Yesterday’s lead story in the N&O about NC Governor Bev Perdue’s latest “gaffe” is a case study in what’s wrong with modern journalism. The lede:
Democratic Gov. Bev Perdue has long had a reputation for shoot-from-the-hip remarks that leave her audiences shaking their heads, part of her folksy, I’m-just-a -coal-miner’s-daughter persona.
But none of her previous comments hit a political nerve like her startling suggestion this week that Congress suspend its elections next year to concentrate on fixing the economy. Listen to the governor’s remarks.
Ummm, this is only “startling” if you somehow think she seriously meant this. If you listen the audio– it’s linked in the story– Perdue doesn’t vary her cadence, tone of voice, etc., to make it sound like she’s aiming for sarcasm, satire, etc. Nonetheless, we are left with two choices:
1) Democrat Bev Perdue is smart enough to be the governor of North Carolina, but actually dumb enough to think this is a political possibility with greater than a 0.0% chance and that it would be a good thing to lock in a Republican House majority for two more years and that it would be politically smart to suggest this in a serious manner.
Or
2) Bev Perdue is a poor extemporaneous speaker (there’s plenty of evidence for that) who failed to properly convey through tone, cadence, etc., the quite obvious interpretation that she’s using a hyperbolic version along the lines of “just throw them in a room and don’t let them out until they’ve solved this.”
How any half-intelligent political observer could truly believe choice #1 is beyond me. Yet, apparently this statement has been all the rage in conservative circles, as the article points out.
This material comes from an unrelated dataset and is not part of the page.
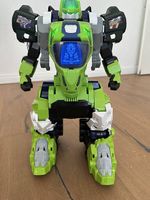 VTech Switch & Go Dinos RC Roboter und Dinosaurier T-Rex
What the article fails to do, is fully point out just how absurd this interpretation is. It does, however, nicely undermine itself–especially its prominent placement, with some excellent quotes from Duke Poli Sci professor and 2008 Libertarian candidate for NC Governor, Mike Munger:
Michael Munger, who as the Libertarian candidate ran against Perdue in 2008, said it was clear that Perdue was not serious and that even if her proposal was nonsensical, she had a valid point.
“The reaction proves her point,” said Munger, a Duke University science professor. “Is that what we should all be arguing about? An off-the-cuff remark instead of what we need do to improve the economy and the situation of the country and the state?”…
“She is perfectly bright,” Munger said. “But she is not quick on her feet. George Bush had the same problem. He was a smart guy but he would sometimes come across as: What in the world is that?”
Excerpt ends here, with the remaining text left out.